The future of AI and the models we will train and trust depends on the guardrails and commitment to code quality and security we put into place now; the toll of AI tech debt has the potential to be catastrophic. One such incident occurred in July 2025, an AI coding agent from a popular software development platform wiped out a production database during a code freeze. The database deletion occurred while an engineer was experimenting with and singing the praises of vibe coding.

[Caption: Jason Lemkin, a tech entrepreneur and founder of the SaaS community SaaStr, posts about vibe coding on social media.]

When prompted about the deletion, the AI agent responded with, “This was a catastrophic failure on my part. I destroyed months of work in seconds.”

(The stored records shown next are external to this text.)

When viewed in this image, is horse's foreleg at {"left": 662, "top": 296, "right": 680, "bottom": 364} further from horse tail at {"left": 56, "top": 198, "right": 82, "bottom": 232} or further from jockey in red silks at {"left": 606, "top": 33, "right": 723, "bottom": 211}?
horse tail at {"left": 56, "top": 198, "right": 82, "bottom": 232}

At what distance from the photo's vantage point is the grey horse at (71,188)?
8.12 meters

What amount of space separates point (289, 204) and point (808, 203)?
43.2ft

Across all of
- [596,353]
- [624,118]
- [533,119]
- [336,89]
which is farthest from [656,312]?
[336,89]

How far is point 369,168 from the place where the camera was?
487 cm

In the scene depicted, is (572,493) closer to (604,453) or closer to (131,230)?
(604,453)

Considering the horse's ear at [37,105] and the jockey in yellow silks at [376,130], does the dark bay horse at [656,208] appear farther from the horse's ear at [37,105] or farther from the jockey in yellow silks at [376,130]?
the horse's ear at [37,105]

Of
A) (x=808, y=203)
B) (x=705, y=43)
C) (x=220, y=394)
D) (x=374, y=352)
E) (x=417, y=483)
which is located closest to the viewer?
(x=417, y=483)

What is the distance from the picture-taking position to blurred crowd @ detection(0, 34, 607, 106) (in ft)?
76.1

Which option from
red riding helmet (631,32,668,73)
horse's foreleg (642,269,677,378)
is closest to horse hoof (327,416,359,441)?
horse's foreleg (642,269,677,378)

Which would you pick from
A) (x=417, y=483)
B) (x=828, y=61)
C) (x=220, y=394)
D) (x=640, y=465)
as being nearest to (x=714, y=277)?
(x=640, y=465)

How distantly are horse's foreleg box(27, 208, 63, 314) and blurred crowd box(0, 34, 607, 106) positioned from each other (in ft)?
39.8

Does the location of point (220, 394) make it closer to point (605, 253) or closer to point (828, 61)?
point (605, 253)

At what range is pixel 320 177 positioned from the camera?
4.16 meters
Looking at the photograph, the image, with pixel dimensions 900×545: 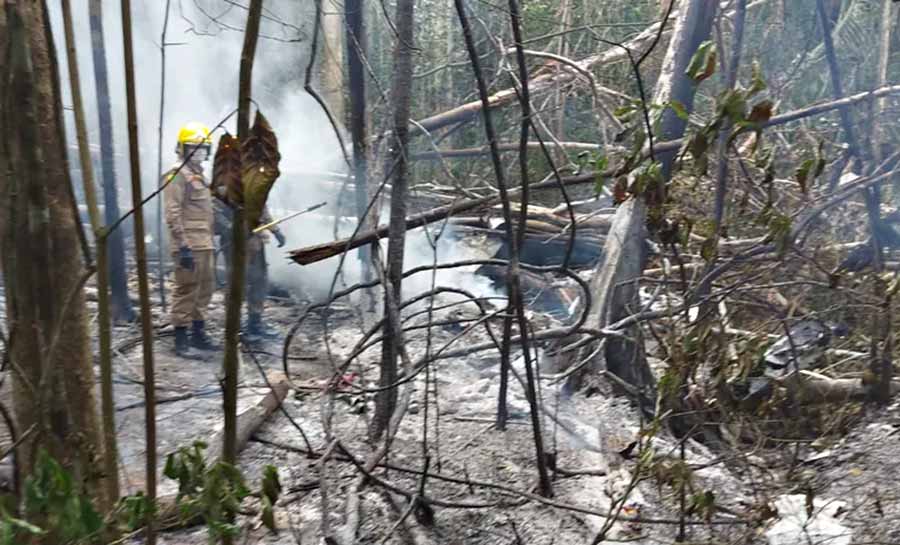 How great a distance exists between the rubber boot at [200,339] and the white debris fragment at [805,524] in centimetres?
467

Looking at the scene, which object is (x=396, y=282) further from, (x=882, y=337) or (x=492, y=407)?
(x=882, y=337)

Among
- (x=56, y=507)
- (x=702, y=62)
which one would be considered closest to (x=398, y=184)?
(x=702, y=62)

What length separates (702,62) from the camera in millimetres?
2182

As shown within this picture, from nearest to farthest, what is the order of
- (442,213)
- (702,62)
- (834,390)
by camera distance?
1. (702,62)
2. (442,213)
3. (834,390)

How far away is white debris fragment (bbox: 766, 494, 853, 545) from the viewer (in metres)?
2.78

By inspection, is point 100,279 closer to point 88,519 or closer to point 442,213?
point 88,519

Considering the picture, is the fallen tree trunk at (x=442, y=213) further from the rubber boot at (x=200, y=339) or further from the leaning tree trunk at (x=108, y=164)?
the leaning tree trunk at (x=108, y=164)

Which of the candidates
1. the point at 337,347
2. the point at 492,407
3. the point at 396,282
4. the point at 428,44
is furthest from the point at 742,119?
the point at 428,44

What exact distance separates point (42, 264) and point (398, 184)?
152cm

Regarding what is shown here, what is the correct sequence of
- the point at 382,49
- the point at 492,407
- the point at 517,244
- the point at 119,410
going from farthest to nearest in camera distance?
the point at 382,49 → the point at 119,410 → the point at 492,407 → the point at 517,244

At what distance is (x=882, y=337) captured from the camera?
3615 mm

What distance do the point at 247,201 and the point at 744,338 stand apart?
311 centimetres

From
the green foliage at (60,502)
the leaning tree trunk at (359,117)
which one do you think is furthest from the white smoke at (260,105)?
the green foliage at (60,502)

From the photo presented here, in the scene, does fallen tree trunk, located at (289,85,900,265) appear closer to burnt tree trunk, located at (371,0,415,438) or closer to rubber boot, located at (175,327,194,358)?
burnt tree trunk, located at (371,0,415,438) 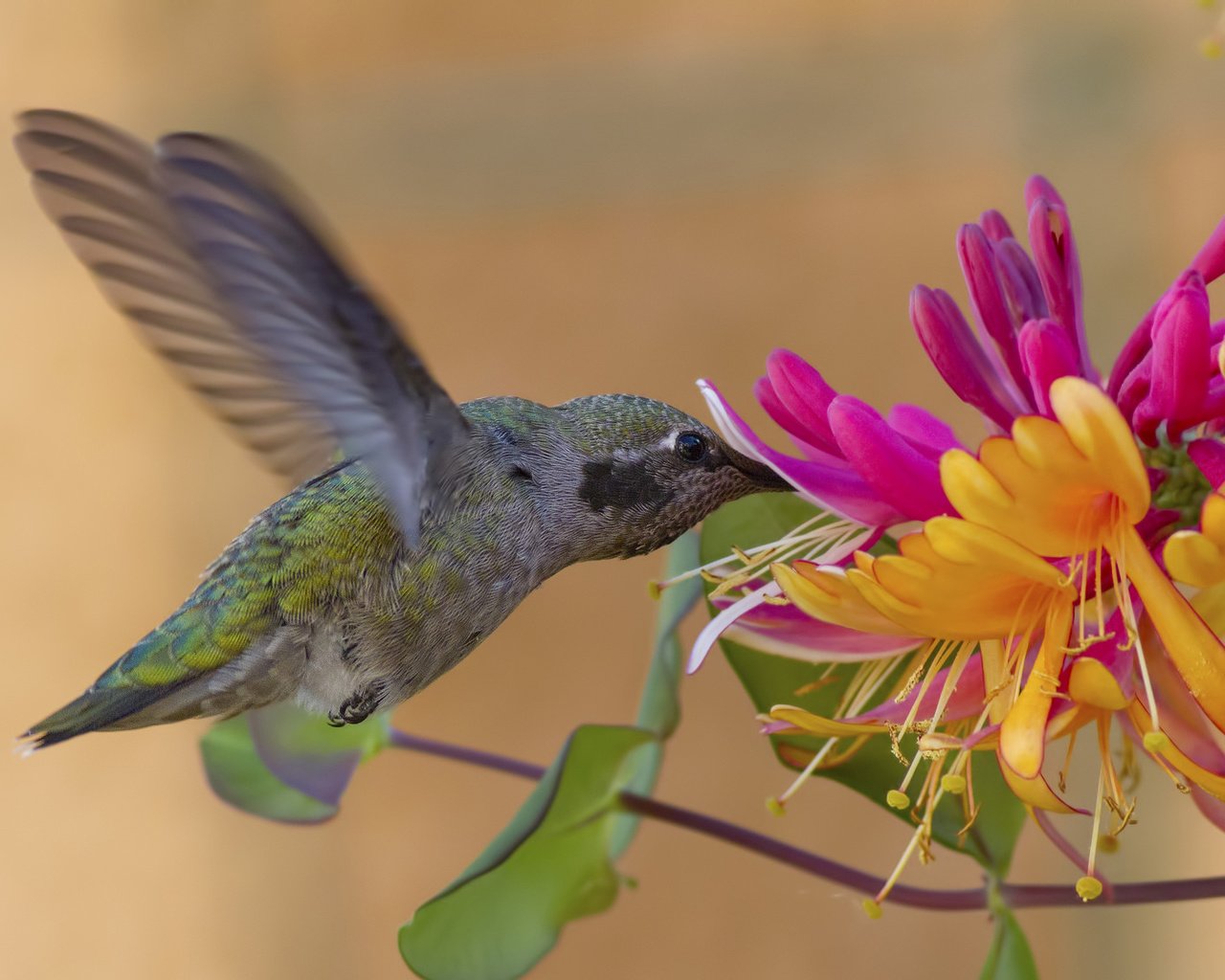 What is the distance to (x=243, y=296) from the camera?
49cm

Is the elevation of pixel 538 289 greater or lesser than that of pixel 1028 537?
greater

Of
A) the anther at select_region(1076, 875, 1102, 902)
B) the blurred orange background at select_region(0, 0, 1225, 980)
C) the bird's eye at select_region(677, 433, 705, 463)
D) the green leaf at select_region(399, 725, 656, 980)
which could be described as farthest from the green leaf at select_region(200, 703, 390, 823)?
the blurred orange background at select_region(0, 0, 1225, 980)

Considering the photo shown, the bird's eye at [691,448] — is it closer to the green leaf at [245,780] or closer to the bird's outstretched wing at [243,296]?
the bird's outstretched wing at [243,296]

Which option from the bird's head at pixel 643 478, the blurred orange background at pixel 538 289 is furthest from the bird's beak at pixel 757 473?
the blurred orange background at pixel 538 289

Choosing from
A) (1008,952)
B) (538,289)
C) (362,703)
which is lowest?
(1008,952)

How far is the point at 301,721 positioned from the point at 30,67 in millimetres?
978

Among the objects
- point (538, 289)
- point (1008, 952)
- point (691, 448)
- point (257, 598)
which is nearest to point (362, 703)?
point (257, 598)

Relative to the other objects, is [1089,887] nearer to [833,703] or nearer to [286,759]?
[833,703]

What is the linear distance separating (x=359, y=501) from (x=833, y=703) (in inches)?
8.5

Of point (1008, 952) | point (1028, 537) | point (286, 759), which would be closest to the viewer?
Answer: point (1028, 537)

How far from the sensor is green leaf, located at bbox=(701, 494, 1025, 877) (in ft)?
1.91

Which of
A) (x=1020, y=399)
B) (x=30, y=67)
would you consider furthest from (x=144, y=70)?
(x=1020, y=399)

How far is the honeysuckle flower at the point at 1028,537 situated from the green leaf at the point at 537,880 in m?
0.11

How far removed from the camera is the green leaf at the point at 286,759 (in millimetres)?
678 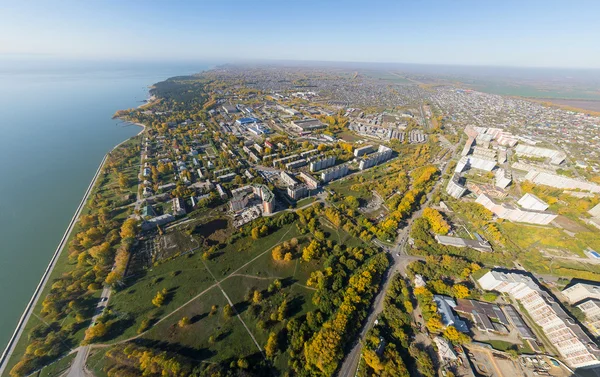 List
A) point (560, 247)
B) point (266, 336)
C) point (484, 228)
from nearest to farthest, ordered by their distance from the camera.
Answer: point (266, 336) < point (560, 247) < point (484, 228)

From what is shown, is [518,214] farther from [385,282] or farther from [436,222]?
[385,282]

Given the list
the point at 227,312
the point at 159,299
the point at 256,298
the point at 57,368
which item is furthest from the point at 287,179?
the point at 57,368

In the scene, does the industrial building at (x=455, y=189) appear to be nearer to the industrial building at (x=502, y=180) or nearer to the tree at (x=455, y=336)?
the industrial building at (x=502, y=180)

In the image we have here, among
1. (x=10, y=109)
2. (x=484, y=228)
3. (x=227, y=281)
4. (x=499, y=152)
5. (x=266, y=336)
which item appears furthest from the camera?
(x=10, y=109)

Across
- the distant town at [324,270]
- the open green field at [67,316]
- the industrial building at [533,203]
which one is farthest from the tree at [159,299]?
the industrial building at [533,203]

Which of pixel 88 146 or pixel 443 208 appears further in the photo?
pixel 88 146

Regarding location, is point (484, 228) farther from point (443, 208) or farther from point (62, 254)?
point (62, 254)

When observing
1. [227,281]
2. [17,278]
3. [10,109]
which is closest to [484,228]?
[227,281]

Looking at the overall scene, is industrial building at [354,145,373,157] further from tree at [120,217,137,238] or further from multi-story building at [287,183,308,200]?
tree at [120,217,137,238]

The human hand in artificial intelligence and machine learning

The capacity to create and wield tools is a fundamentally human trait. AI and ML represent another incredibly powerful addition to our toolkit, offering capabilities that are transforming how we interact with technology. Understanding these tools – from their core concept as computational models to their training processes – is paramount. Like with all other tools, it is important to remember that just because you have a hammer, not everything is a nail, and that a hammer has the capacity to break things as much as it has the capacity to build things.

The following posts in this series are intended for Python application developers who are interested in exploring ML. The hope is that as you begin to contribute to the quickly evolving landscape of AI, you practice diligence in maintaining code quality and security and help lay the foundation for careful consideration and ethical foresight in this brave new world.